> _Data in this exercise_:
▽

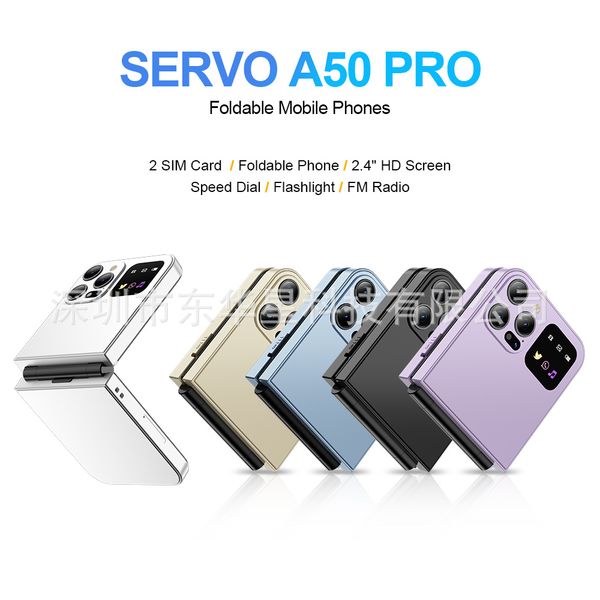 Dual-Card Cross-Border Mobile-Phone Foreign Trade Folding Flip Mobile Phone for the Elderly Flip Phone Button Mobile Phone, Multi-color
Dual-Card Cross-Border Mobile-Phone Foreign Trade Folding Flip Mobile Phone for the Elderly Flip Phone Button Mobile Phone, Multi-color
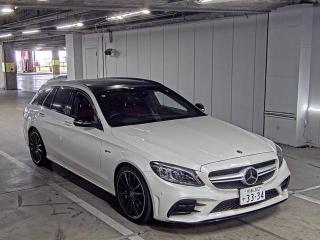 MERCEDES BENZ AMG C CLASS STATION WAGON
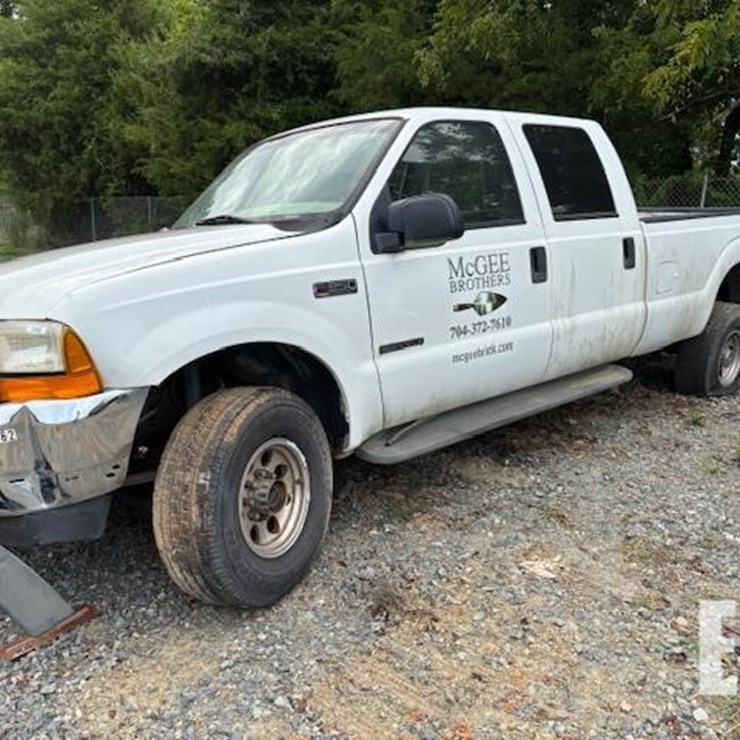 2001 FORD F350 SD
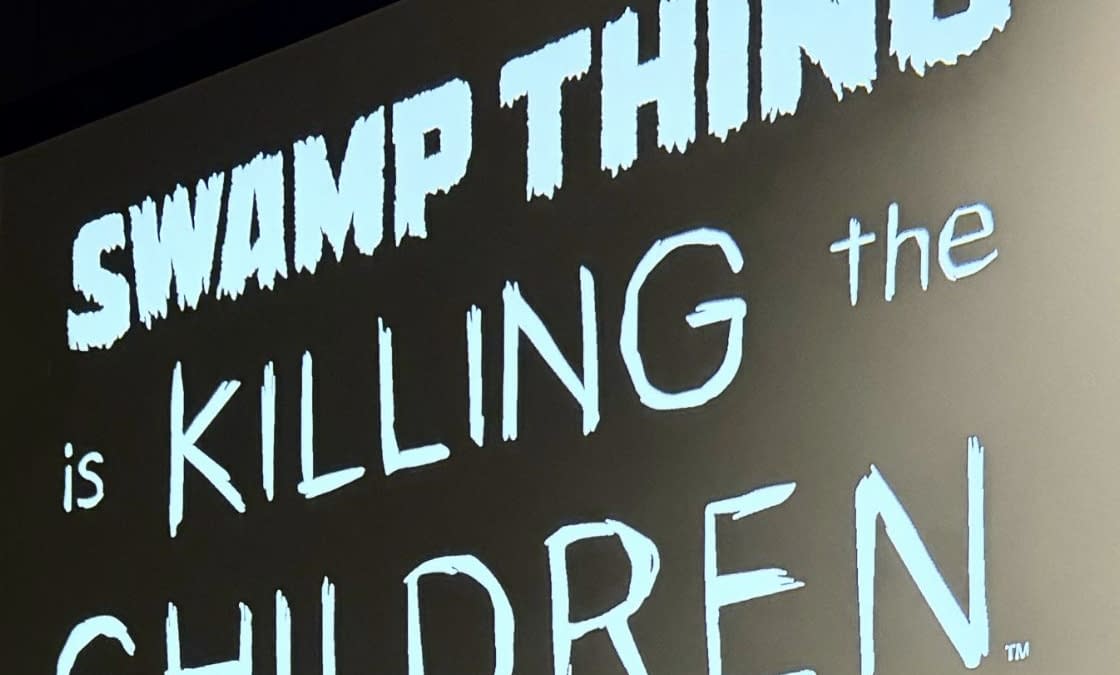 DC/Boom Studios Crossover: Swamp Thing Is Killing The Children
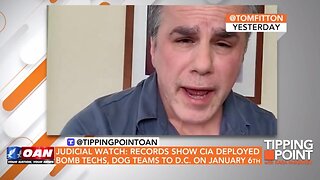 Why Was CIA Deployed Domestically at DC Capitol Jan 6th & TRUMP TROOPS REFUSED?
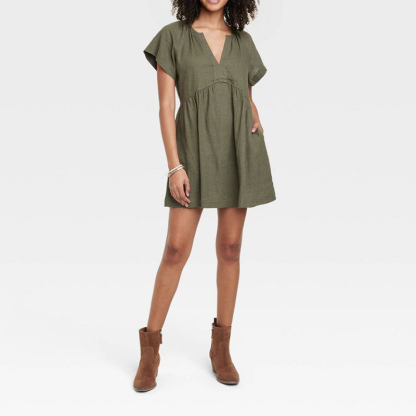 Women's Short Sleeve Dress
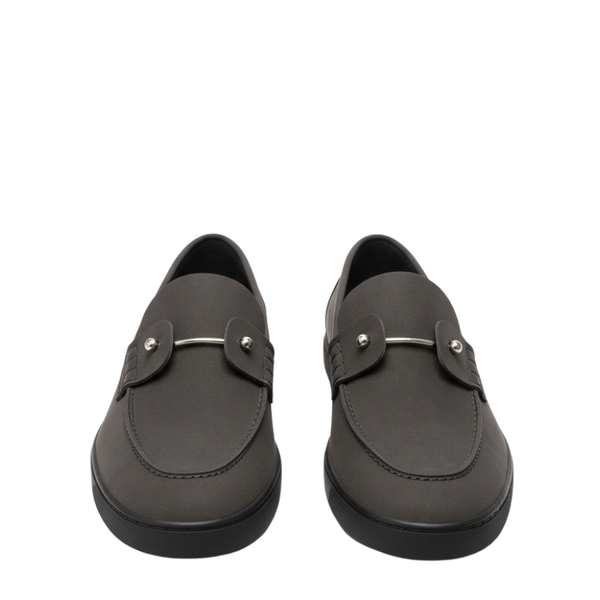 Regal Suede Metal Bit Loafers
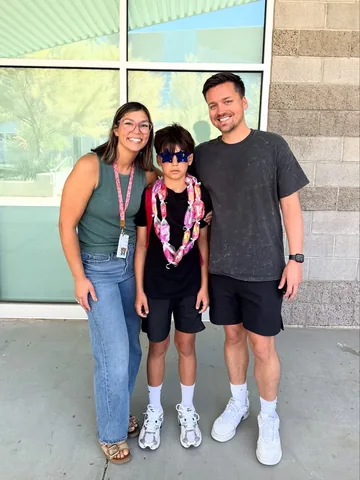 jennikarae Instagram post about School milestone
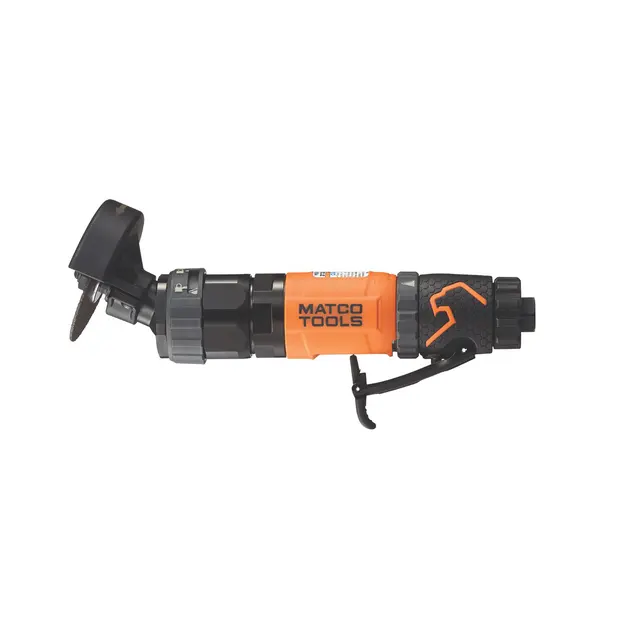 3" REVERSING FLEX HEAD PNEUMATIC CUT OFF TOOL - ORANGE
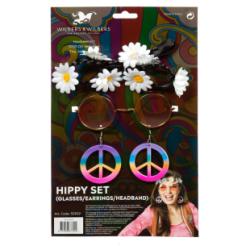 Set accessoires Hippie 3 pcs.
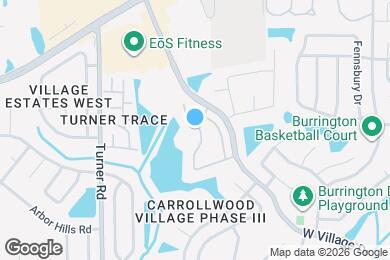 Map image of the property - 14106 Trouville Dr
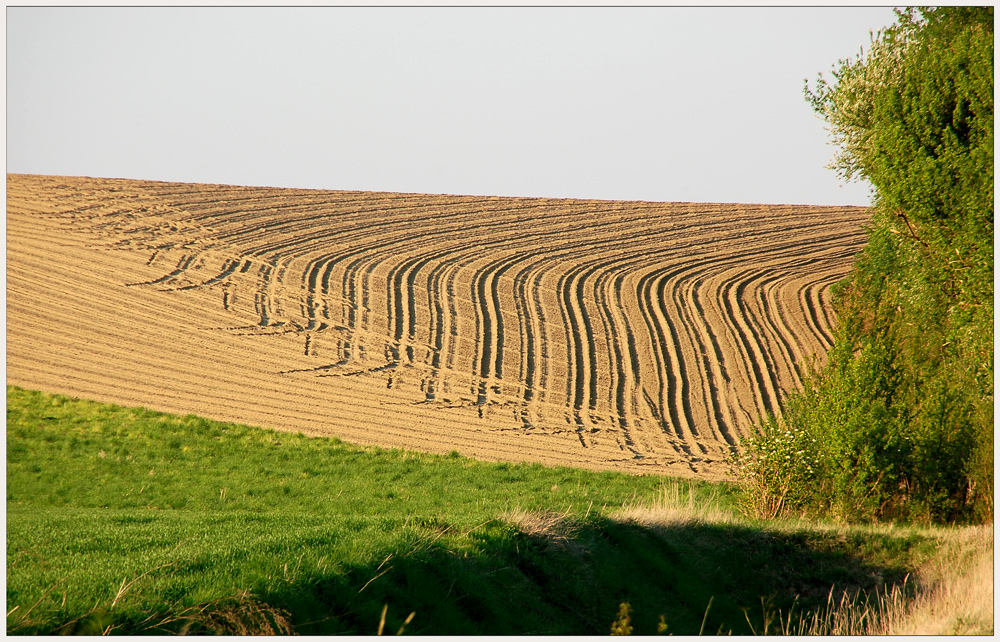 Der Bauer als Landschaftsmaler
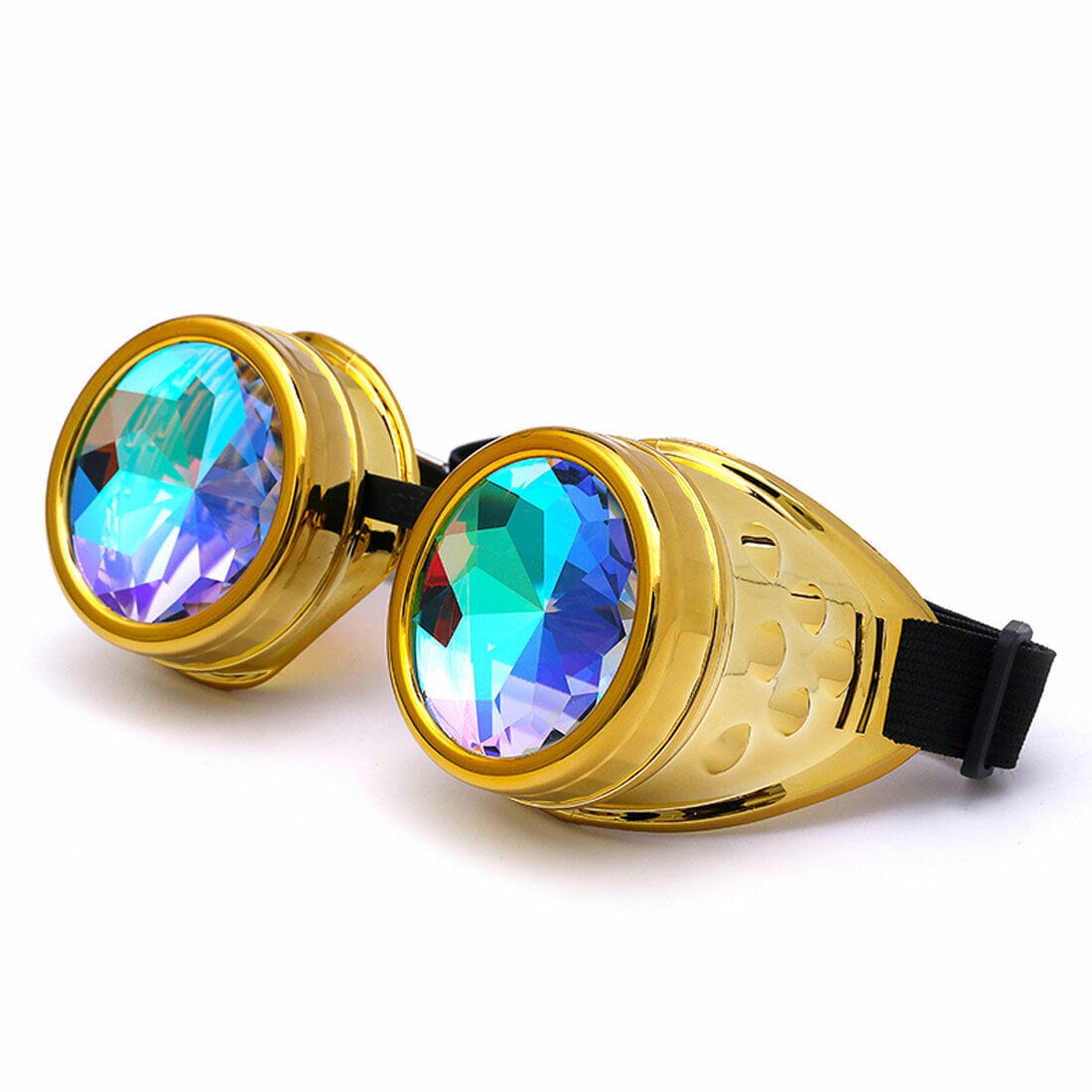 Rave-Essentials Co. Smooth SteamPunk™ Rave Goggles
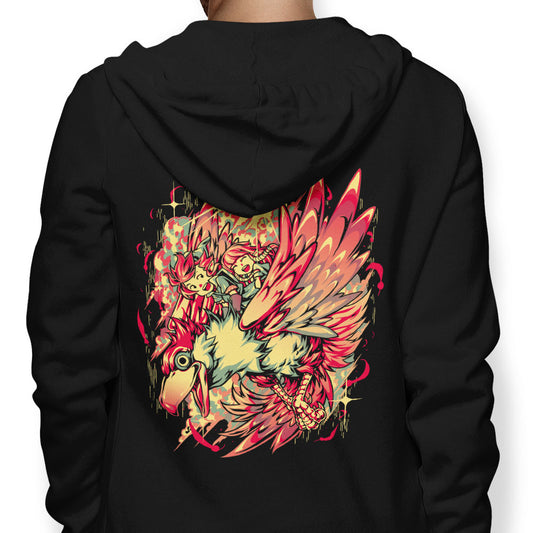 High in the Sky - Hoodie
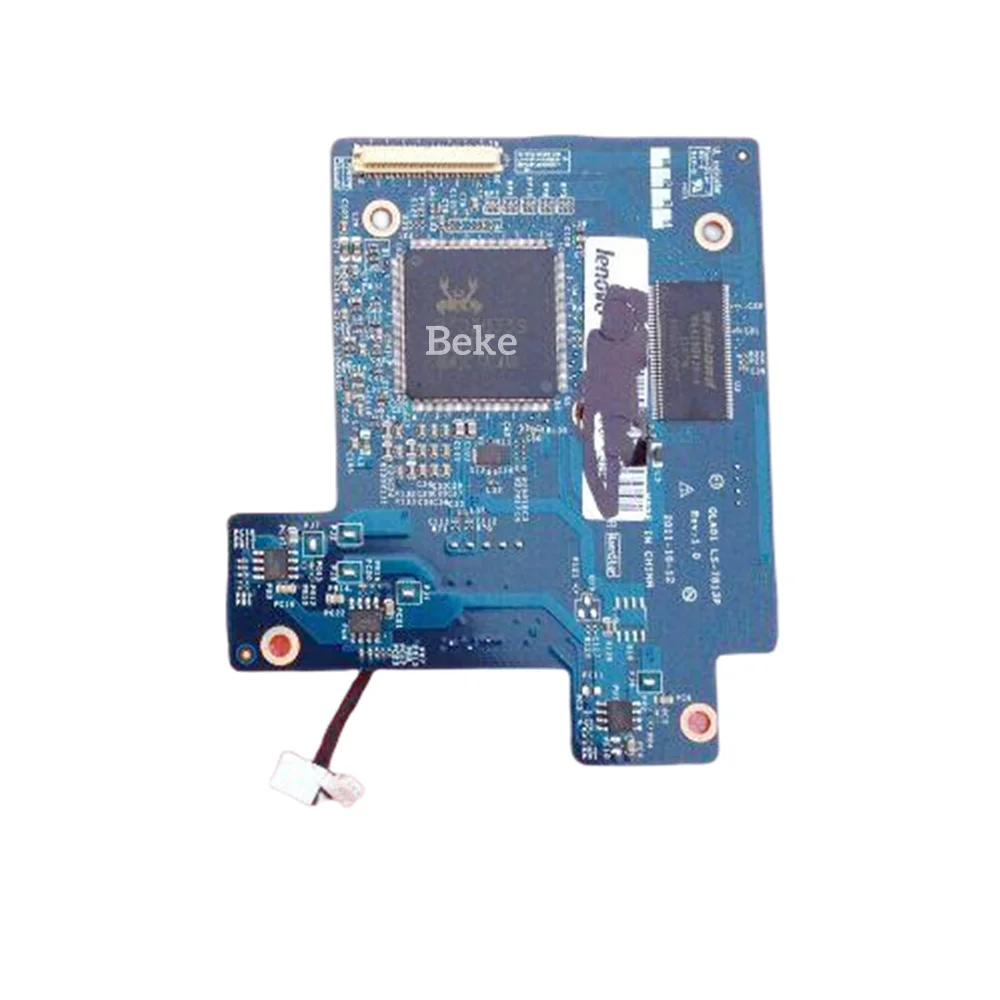 Beke-LS-7813P Placa pequena para Lenovo, placa-mãe para B520E, B520, B520R2, máquina Qne, TV, 10088, HWTV, 11200280 escalar, navio rápido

△

Reproduce all of the entries word for word, skipping any pictures they hold.

 Dual-Card Cross-Border Mobile-Phone Foreign Trade Folding Flip Mobile Phone for the Elderly Flip Phone Button Mobile Phone, Multi-color
Dual-Card Cross-Border Mobile-Phone Foreign Trade Folding Flip Mobile Phone for the Elderly Flip Phone Button Mobile Phone, Multi-color
 MERCEDES BENZ AMG C CLASS STATION WAGON
 2001 FORD F350 SD
 DC/Boom Studios Crossover: Swamp Thing Is Killing The Children
 Why Was CIA Deployed Domestically at DC Capitol Jan 6th & TRUMP TROOPS REFUSED?
 Women's Short Sleeve Dress
 Regal Suede Metal Bit Loafers
 jennikarae Instagram post about School milestone
 3" REVERSING FLEX HEAD PNEUMATIC CUT OFF TOOL - ORANGE
 Set accessoires Hippie 3 pcs.
 Map image of the property - 14106 Trouville Dr
 Der Bauer als Landschaftsmaler
 Rave-Essentials Co. Smooth SteamPunk™ Rave Goggles
 High in the Sky - Hoodie
 Beke-LS-7813P Placa pequena para Lenovo, placa-mãe para B520E, B520, B520R2, máquina Qne, TV, 10088, HWTV, 11200280 escalar, navio rápido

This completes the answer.